*** Opening Recorded data ***
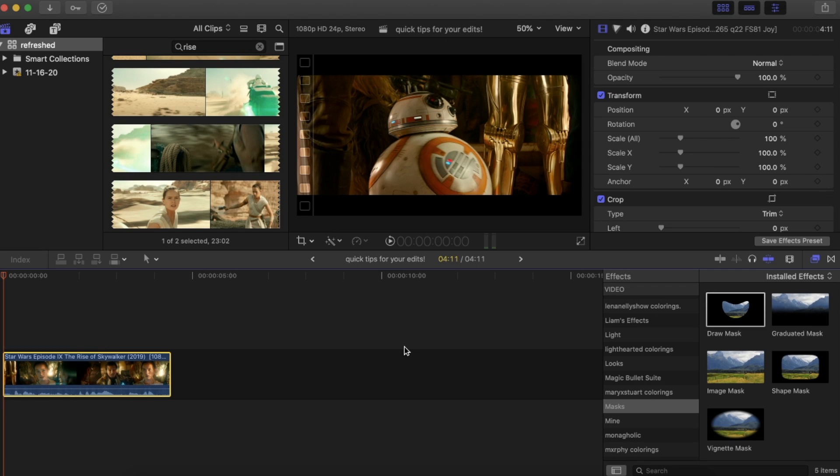Hey guys, I hope you are doing well. Today I'm going to be bringing you another video on some quick tips and Final Cut Pro basics that really helped up my editing game.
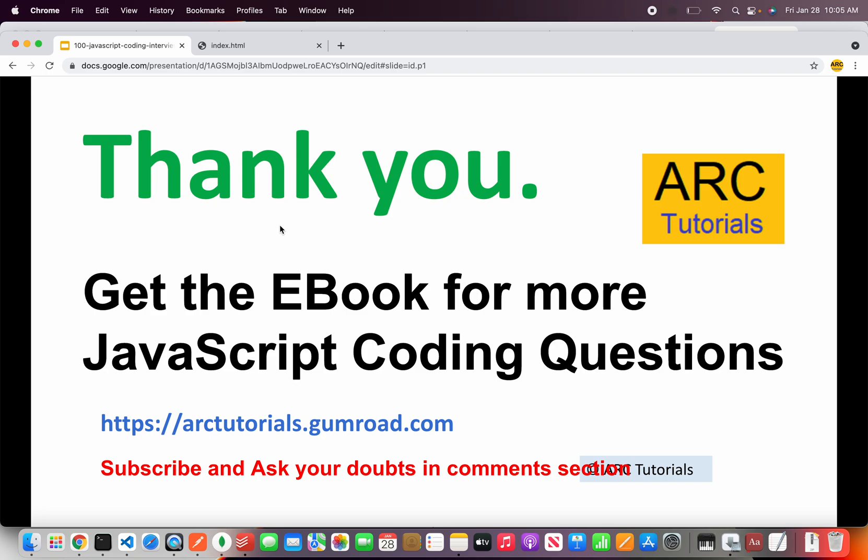Please do subscribe to my channel to keep getting more such interview questions. Thank you again for joining. See you in the next episode.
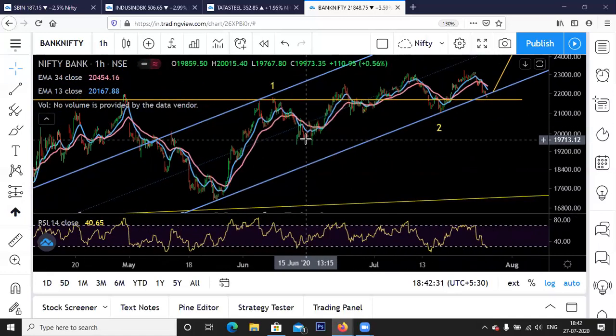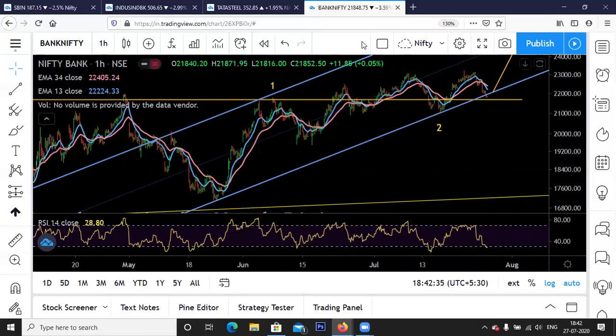That was the Nifty and Bank Nifty update. We'll watch the price action in the coming week and decide where the market is likely to head. Always trade with a stop loss — we are holding this Nifty trade with a stop loss near 11,080–11,090. I'm also going to come up with a webinar on how to identify market leaders, so stay tuned. Keep watching, keep learning, and keep sharing. Thank you.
*** Closing Recorded data ***
• What is required
Retype the listing exactly. Pictures do not belong in the copy.

• Finished task
Hey guys, I hope you are doing well. Today I'm going to be bringing you another video on some quick tips and Final Cut Pro basics that really helped up my editing game.
Please do subscribe to my channel to keep getting more such interview questions. Thank you again for joining. See you in the next episode.
That was the Nifty and Bank Nifty update. We'll watch the price action in the coming week and decide where the market is likely to head. Always trade with a stop loss — we are holding this Nifty trade with a stop loss near 11,080–11,090. I'm also going to come up with a webinar on how to identify market leaders, so stay tuned. Keep watching, keep learning, and keep sharing. Thank you.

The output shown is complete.